Unausgegorene Einfälle tarnen sich so erfolgreich als originelle, progressive Ansätze und tatsächlich funktioniert die Power der Inszenierung halbwegs mitreißend, wirkt wie eine um Ihrer selbst Willen experimentell zerschossene Glam-Fuzz-Alternative zu Ty Segall im kaleidoskopartigen Stroboskop, bei dem Einzelteile instinktiv zu einem unterhaltsamen Unsinn verschraubt wurden.
Das fragmentarisch nicht zum Punkt findende Fragment-Kaleidoskop Eosophobia lebt als Segment-Gewebe vom Kontrast aus Dub und Classic Rock, Into the Twilight kleistert eine catchy gesampelte Hook an anstrengende Chipmunk-Motive und verziert dies mit einem 08/15-Standard-Riff und übermotivierten Effekten samt Orgel-Soul, bevor das unnötige Interlude Dusk zur eingängigen Repetition What’s the Trick? führt. That Was Then (This Is Now) lässt die Zügel regelrecht gut gelaunte auf der Party locker und Eosophobia (Reprise) probiert sich redundant am Firlefanz aus. Das am konventionellsten strukturiere Morning, Noon and Night stackst (ausgerechnet mit Duane Denison?!) als Kompromiss, der auch zeigt, wie schnell dem Songwriting ohne Weirdo-Ablenkung die Substanz ausgeht, bevor die gefühlvoll relaxende Sehnsucht Shedding My Velvet relativiert: der Produzent White weiß schon auch (wieder), was der Komponist Jack braucht.

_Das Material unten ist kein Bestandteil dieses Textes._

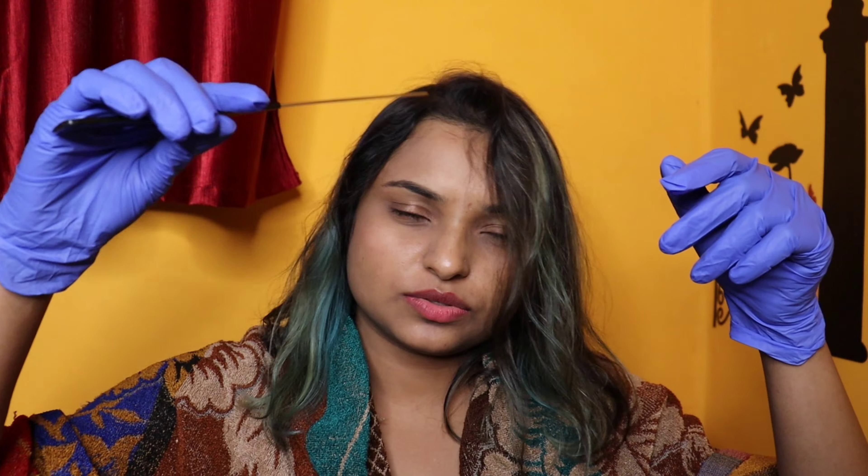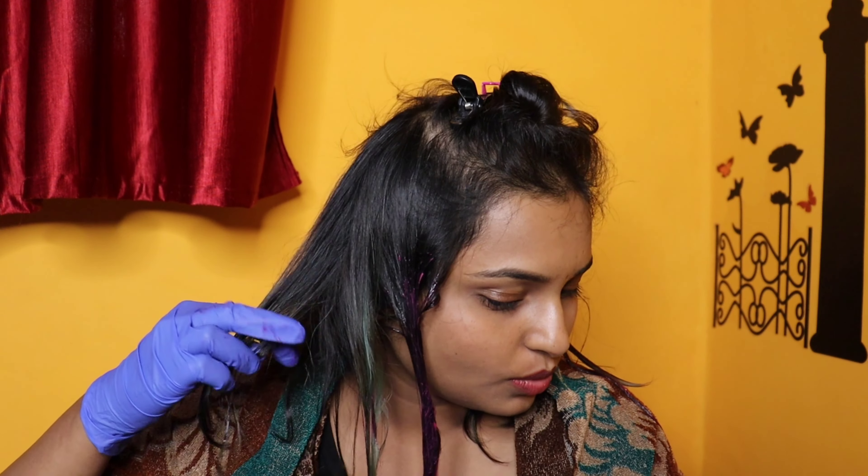I don't feel like pre-lightening again, so I'm just going to go with it. Worst case scenario it becomes purple, and I'm okay with that. I'm going to do a little bit of sectioning — leaving a section in the middle for blue, and taking one from the back for the pink.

Nicht alle zündet deswegen schlüssig – vor allem nicht außerhalb der (Produktions)Ästhetik der Platte. Doch funktionieren die Verrenkungen eben weitaus stimmiger als zuletzt an der Achse aus alten Stärken und Ambitionen einer alternativen Zukunft nach Boarding House Reach, wo der unverbindliche Jam aus ziellosen, nicht zu Ende gedachten Fragmenten den kurzweiligen Spin für eine so mutlos gestartete Solokarriere schafft.